#### HOW TO COMPLETE THIS TASK:
Only the pictures are to be omitted; everything else in the listing must be reproduced exactly.
----- EXERCISE DATA -----
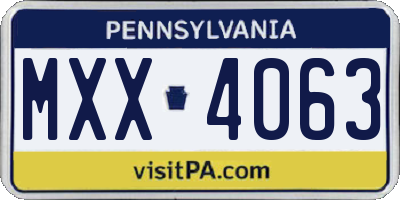 PA license plate MXX4063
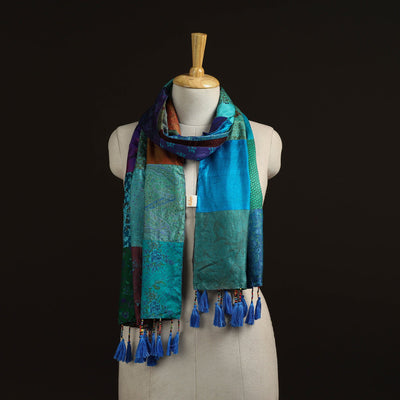 Pure silk patchwork stole with tassels 02 - handcrafted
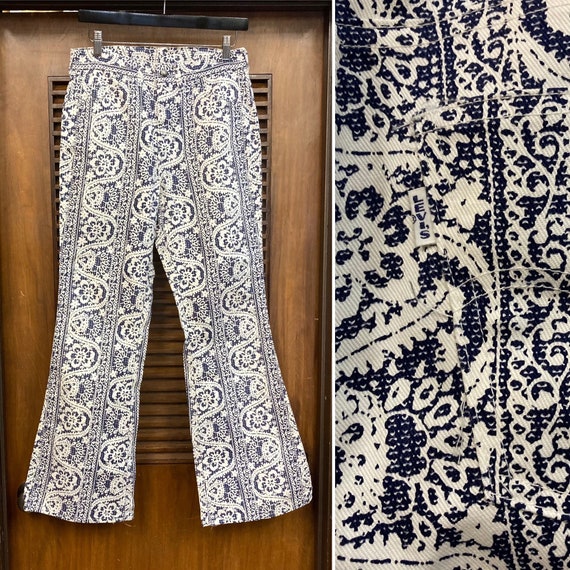 Vintage 1960s Levis Big E Flare Tapestry Print Mod Glam Denim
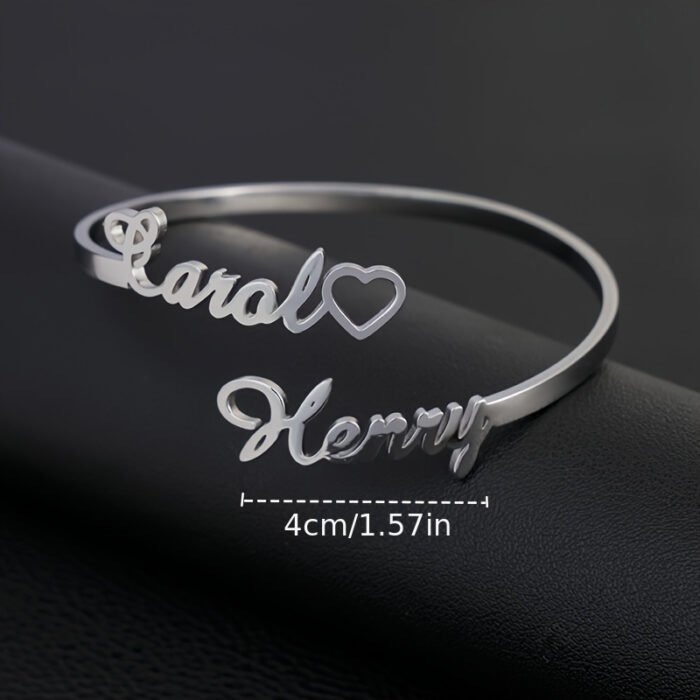 Custom Engraved Stainless Steel Intertwined Hearts Name Bracelet - Personalized Two Names Jewelry Gift for Her, Him, Mom, Wife - Valentine's Day, Anniversary, Mother's Day, Wedding, Birthday - Elegant Retro Style Durable Casual Attire, Heart Charms for Bracelets, Special Occasion, Stylish Accessory, Highquality Finish, Couples Accessory - Image 4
-----
#### SOLUTION TO THIS PROBLEM:
 PA license plate MXX4063
 Pure silk patchwork stole with tassels 02 - handcrafted
 Vintage 1960s Levis Big E Flare Tapestry Print Mod Glam Denim
 Custom Engraved Stainless Steel Intertwined Hearts Name Bracelet - Personalized Two Names Jewelry Gift for Her, Him, Mom, Wife - Valentine's Day, Anniversary, Mother's Day, Wedding, Birthday - Elegant Retro Style Durable Casual Attire, Heart Charms for Bracelets, Special Occasion, Stylish Accessory, Highquality Finish, Couples Accessory - Image 4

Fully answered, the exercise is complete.